Le produit est un apéritif « composé de vins fins et de quinquina », selon la formule même employée par le tribunal de commerce dans un jugement de 1921 déjà cité. Il se décline en plusieurs variétés : un Saint-Raphaël Rouge et un Saint-Raphaël Ambré-Doré, élaborées à partir de mistelle dans laquelle macèrent écorces de quinquina, orange amère et gousses de vanille. C’est bien ce produit-là, et non un « Vin de Saint-Raphaël » homonyme vendu à la même époque par une maison distincte (la Compagnie du vin de Saint-Raphaël, alias Clément et Cie, de Valence), que porte l’inscription QUINQUINA de cette carafe : un arrêt de la Cour de Paris du 5 février 1902 a tranché que les deux marques, bien qu’homonymes, ne se faisaient pas concurrence déloyale l’une à l’autre.
La Société Saint-Raphaël n’est pas un simple négociant : elle est le fabricant et le titulaire de la marque, une société anonyme dotée dès 1898 d’un capital dépassant six millions de francs. Elle a mené une politique de défense active de sa marque, obtenant notamment un arrêt de la Cour d’appel d’Agen, le 6 juillet 1920, qui lui reconnaît la propriété exclusive des appellations abrégées « Raphaël » et « Un Raphaël ». Rachetée au fil du XXe siècle, la société est passée par le groupe Bacardi-Martini puis par la maison bourguignonne Boisset, avant de rejoindre en 2009 le groupe La Martiniquaise, qui commercialise toujours la marque aujourd’hui.

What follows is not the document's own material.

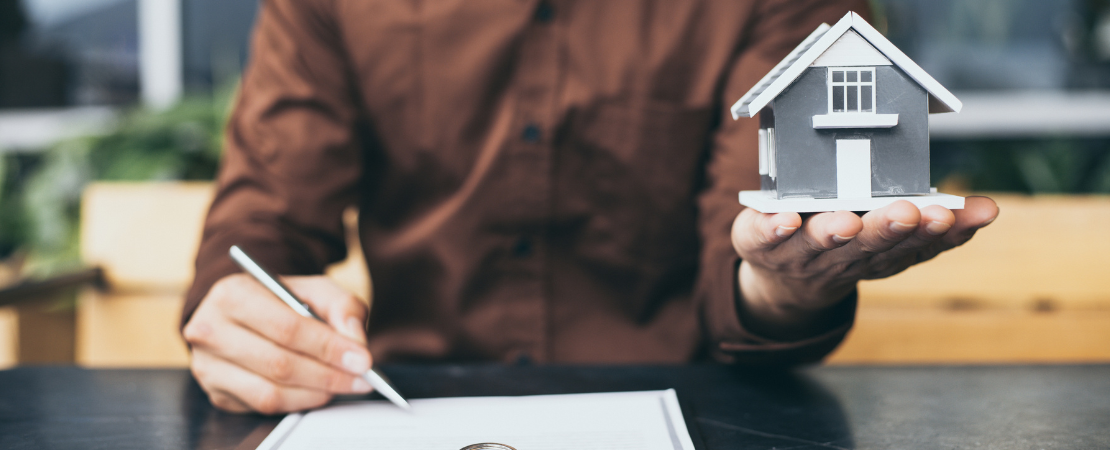 Person hält ein Miniaturmodell eines Hauses in der Hand, während er mit der anderen Hand einen Vertrag unterschreibt. Auf dem Tisch liegt ein Dokument mit einem Stift. Symbolbild für Immobilienkauf, Hausfinanzierung und Vertragsunterzeichnung beim Hauskauf.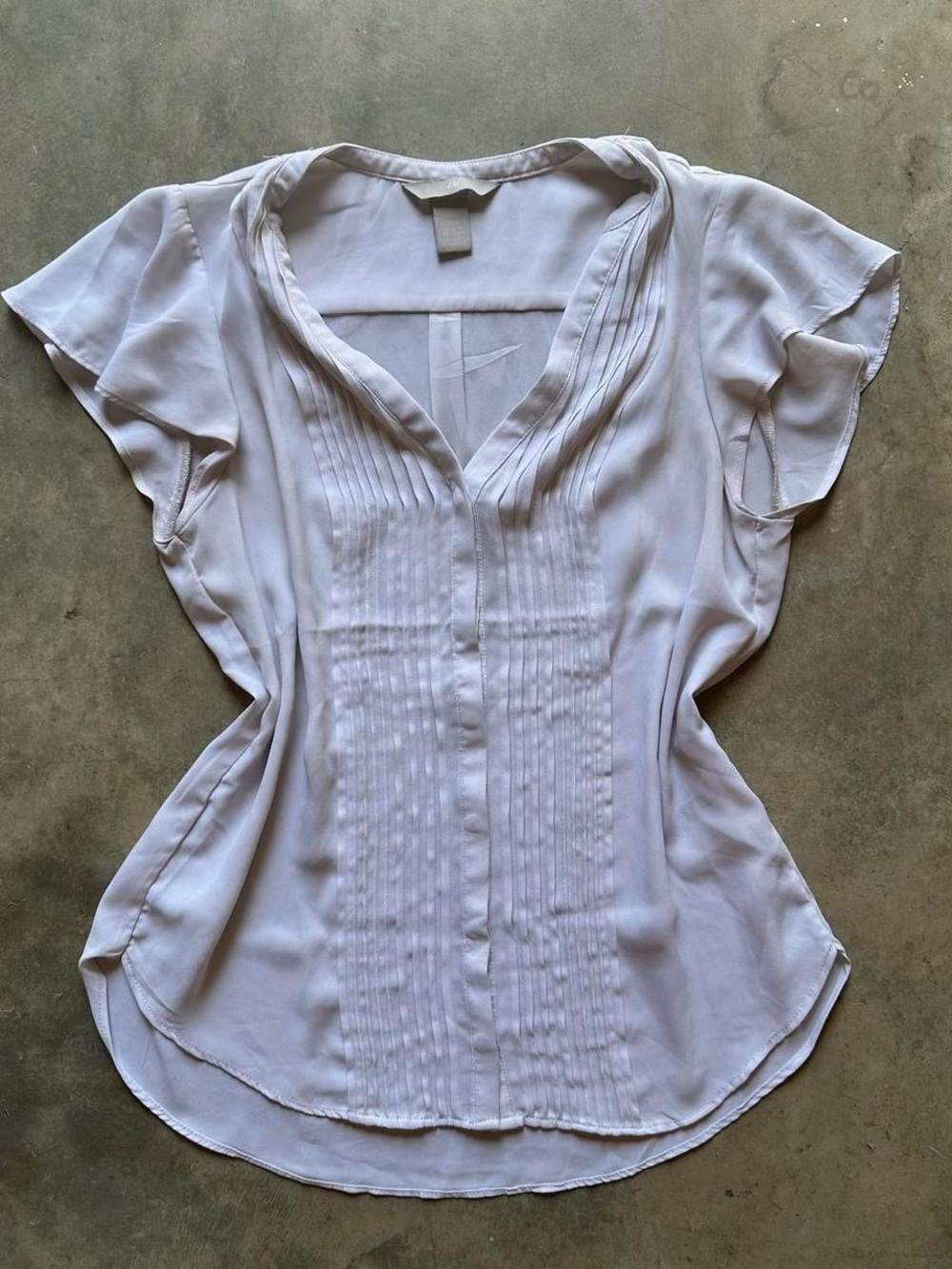 H&M Cream blouse with ruffled sleeves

Cette carafe se distingue par son écu publicitaire : un blason coupé en deux, portant à gauche, sur fond blanc, un serveur en robe sombre tenant une bouteille, et à droite, sur fond rouge, un serveur en tenue blanche portant un plateau et un verre. Ce motif à deux personnages appariés annonce — ou décline — les célèbres « jumeaux » rouge et blanc de la marque, popularisés à partir de 1932 (un personnage pour chaque variété, Rouge et Ambré-Doré) et redessinés à la fin des années 1930 par l’affichiste Charles Loupot. Une tôle peinte façon blason reprenant ces deux mêmes silhouettes, fabriquée par l’atelier G. de Andreis à Marseille, est datée des années 1930 par un site spécialisé dans les objets publicitaires anciens — une datation de second rang, non confirmée par une source primaire, mais cohérente avec l’apparition du motif en 1932. La maison a par ailleurs largement diffusé sa marque par l’affiche, la plaque émaillée et le porte-menu, avec des slogans tels que « L’apéritif de France ! » ou « Aujourd’hui comme autrefois… la première marque des vins toniques ».